Jeff Nichols, c’est quand même devenu en deux films un réalisateur fiable, couvert d’éloges, dignement récompensé et à maintes reprises désigné comme héritier du Terrence Malick des années 1970. On a vu pire comme début de carrière. Le grand public l’a découvert avec son Take Shelter qui avait fait grand bruit à Cannes (vainqueur de la Semaine de la Critique), un drame rural teinté de fantastique porté par le formidable Michael Shannon. Avec Mud, le voilà revenu à quelque chose de plus classique et épuré.

N’ayant pas tout à fait rejoint les qualificatifs de "chef d’œuvre" ou "film de l’année" pour son Take Shelter, qui s’appuyait un peu trop à mon goût sur son mystère pour maintenir l’attention du spectateur, je m’étais réjoui de cette nouvelle. Son premier long-métrage, Shotgun Stories, était en effet un très bon film sans être original. Une solide histoire de rivalité familiale sur fond de vie difficile au fin fond de l’Amérique, là aussi comportant Shannon au casting, qui m’avait convaincu à tous les niveaux. Un cinéma qui ne juge pas ses personnages, qui n’en fait pas trop, qui prend le temps de respirer et de laisser vivre son petit univers pour mieux nous immerger dedans.

La comparaison à Malick me semble à nouveaux plus justifiée sur ce Mud, qui a un certain nombre de points communs avec La balade sauvage du fameux texan chapeauté. Des personnages un peu naïfs en marge de la société, une fascination pour la nature, des dialogues simples qui vont à l’essentiel et toujours un sentiment de tragédie imminente distillée par différents éléments. Si Mud a déjà été beaucoup comparé au Huckleberry Finn de Mark Twain, côté cinéma j’y ai vu des réminiscences des années 1980 et de ses nombreux films sur les enfants, tels que Les Goonies, Stand by Me ou plusieurs Spielberg. Une certaine tradition qui s’était perdue, tant il semble difficile de trouver de jeunes acteurs crédibles et supportables, alors en trouver tout un groupe…

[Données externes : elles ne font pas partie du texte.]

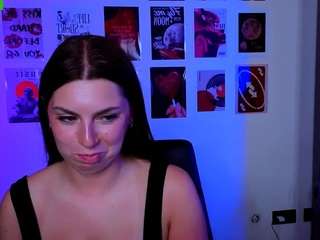 amalialowell live webcam show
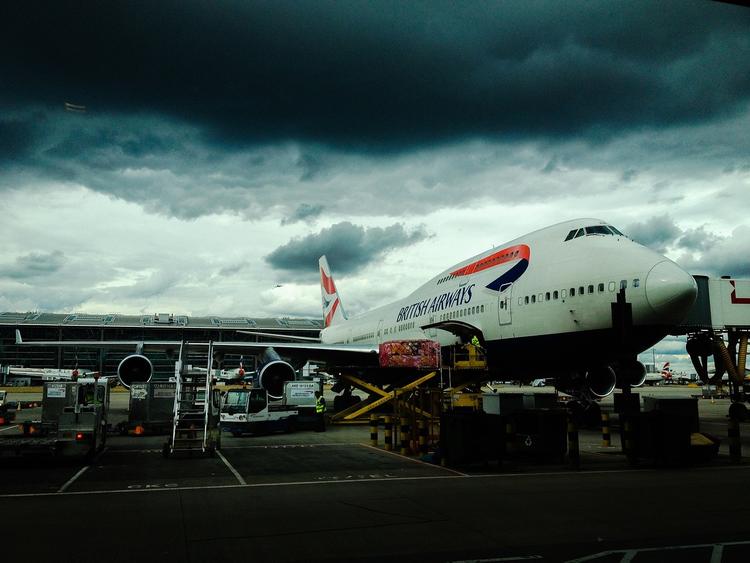За сутки у второго самолета British Airlines отказал двигатель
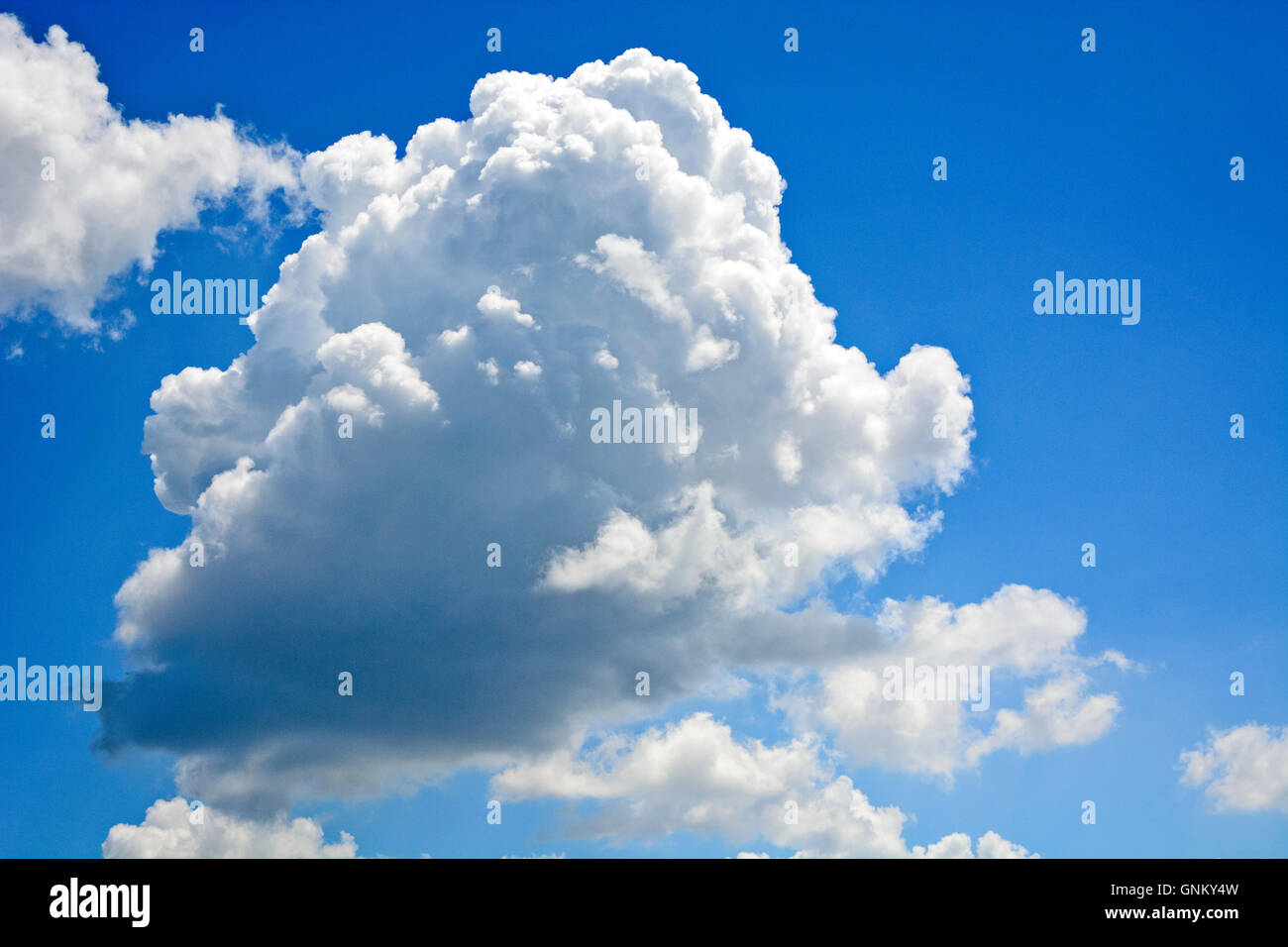 Sommertag und die weißen Wolken, die blauen Himmel zu reisen. Stockfoto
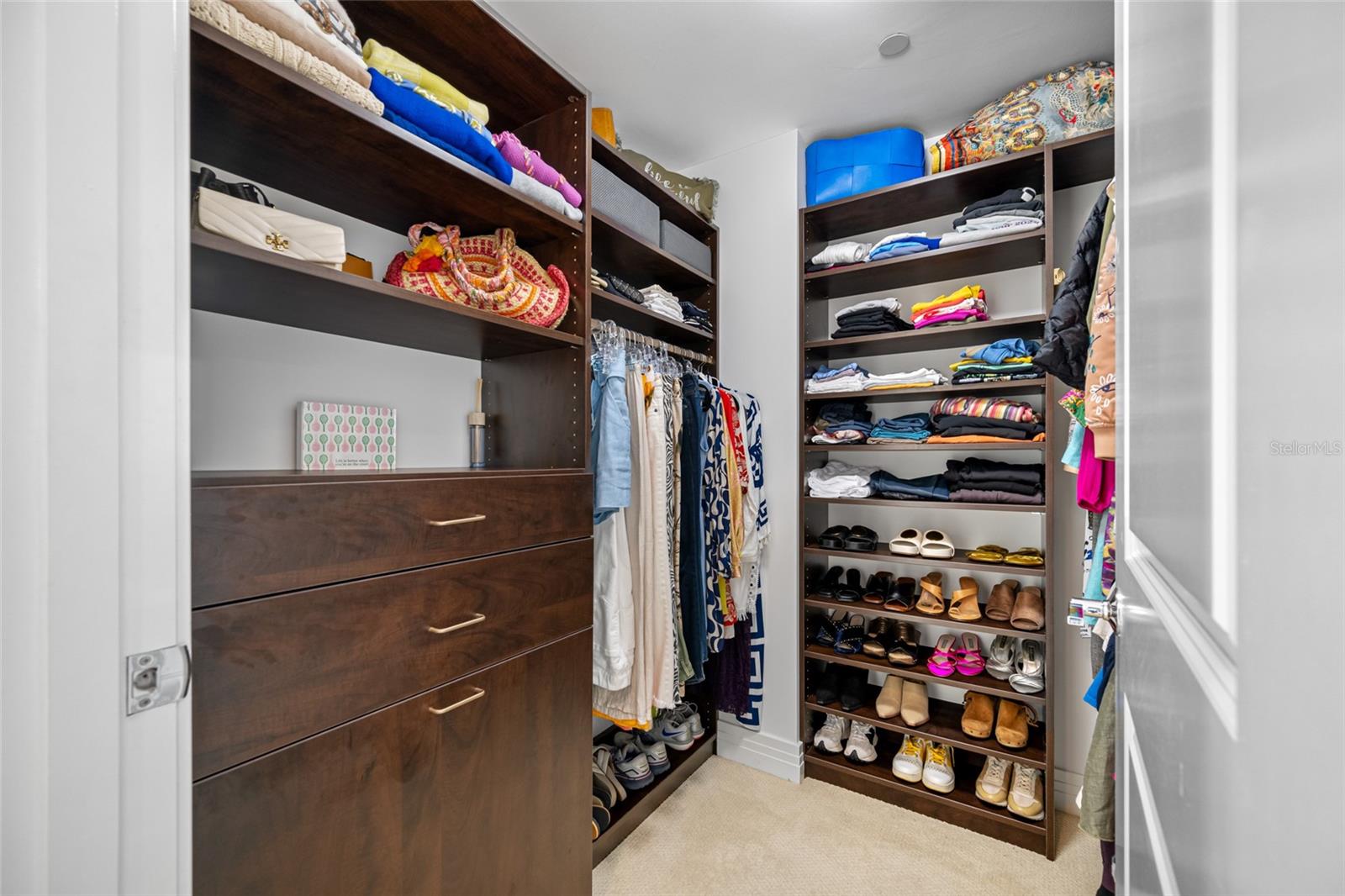 Listing photo id 24 for 1325 Snell Isle Boulevard Ne 810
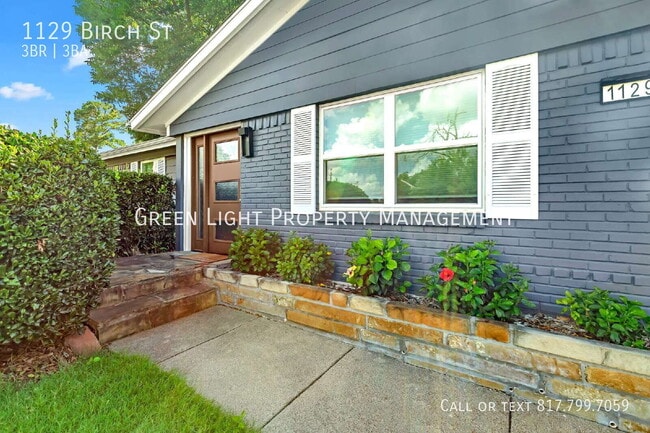 Photo - 1129 Birch St
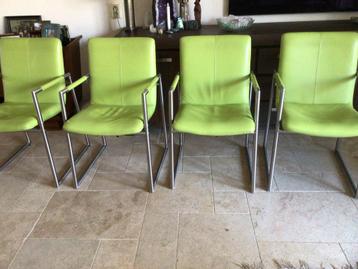 4 frisgroene leren eetkamerstoelen.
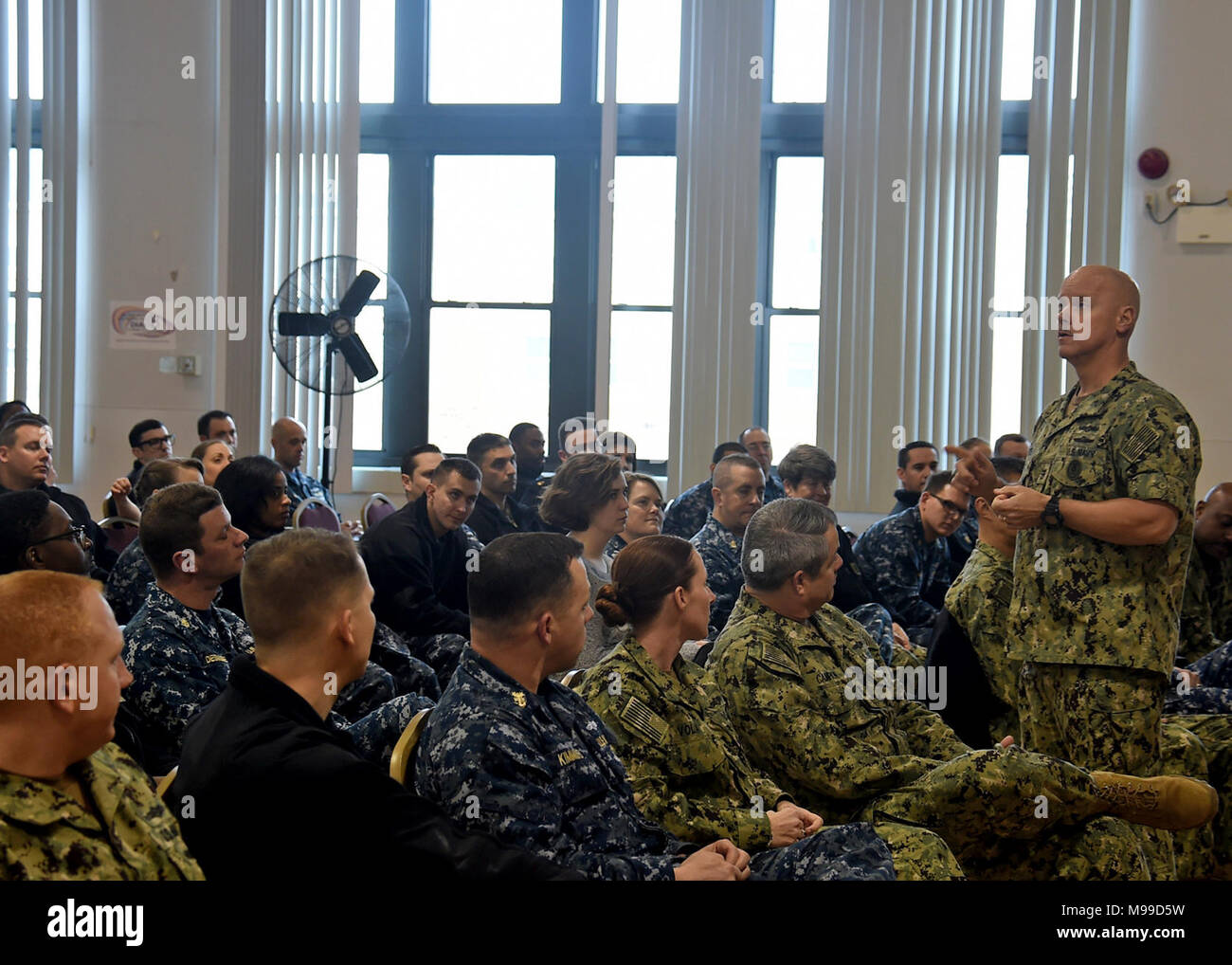 FORT GEORGE G. MEADE, Md. (Jan 31, 2018) Forza Master Chief per delle informazioni navale forze, vigore Master Chief David B. Carter, parla durante la guerra Cryptologic gruppo sei (CWG-6)'S Chief Sottufficiali chiamata presso la McGill Training Center sul post. CWG-6 fornisce informazioni warfare capacità per gli Stati Uniti Navy per supportare segnali intelligence e il cyberspazio per operazioni navali e forze congiunte. Foto Stock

Le présent film retrouve en tout cas de cette simplicité bienvenue, avec une situation initiale exposée sans chichis : Ellis et Neckbone, deux gamins vivant sur les rives du Mississipi, découvrent au gré d’une expédition en bateau un mystérieux personnage reclus sur une île. Mud de son surnom, vous l’aurez deviné, ce type un peu louche ayant pour seules possessions une chemise et un pistolet va vite se révéler assez passionnant. Pas la peine d’en dire plus sur le scénario, il serait dommage de gâcher ainsi l’un des nombreux points forts du film. Je n’ai d’ailleurs même pas de reproche à faire au film, rendez vous compte. Dans la tradition des auteurs-réalisateurs, Jeff Nichols maîtrise totalement son film, et s’il se fait plaisir dans certaines scènes avec son budget un peu plus élevé, il ne trahit jamais l’esprit de son film et ne tombe pas dans la facilité.

Il semblerait d’ailleurs que la première largesse qu’il se soit permise est au niveau du casting, avec pas moins que Matthew McConaughey, Reese Witherspoon, Sam Shepard, Michael Shannon, Ray McKinnon (Deadwood, Sons of Anarchy) et j’en passe. Un casting de sacrées gueules n’ayant pas hésité à s’enlaidir pour leurs rôles, McConaughey et Witherspoon les premiers, qui confèrent une authenticité appréciable au film. De façon plus générale d’ailleurs, le film sonne vrai, que ce soit les dialogues, la caractérisation des personnages, leurs relations, les divers évènements qui ponctuent le film et le dur apprentissage de la vie par lequel passent Ellis et Neckbone.

Et que dire de plus sans radoter ? C’est à mes yeux un film beau et simple, sur lequel je ne me vois pas discourir à rallonge puisqu’il ne justifie pas de grandes analyses (et ce n’est pas du tout un reproche), c’est ni plus ni moins que du travail superbement exécuté par un cinéaste prometteur et cohérent dans ses thèmes. Certains pourront trouver le film prévisible, et je le nierai pas, mais c’est difficilement un défaut devant du si bon cinéma classique (et assumé en tant que tel).
C’est avec ce genre de reproches systématiques devant des films soi-disant "pas originaux" qu’on se retrouve à voir encensé le moindre twist idiot qui vous retourne la tête en même temps que le semblant de cohérence initial du scénario. Bref, allez le voir et/ou regardez ses précédents, car voilà un réalisateur sur qui il faudra compter dans les prochaines années.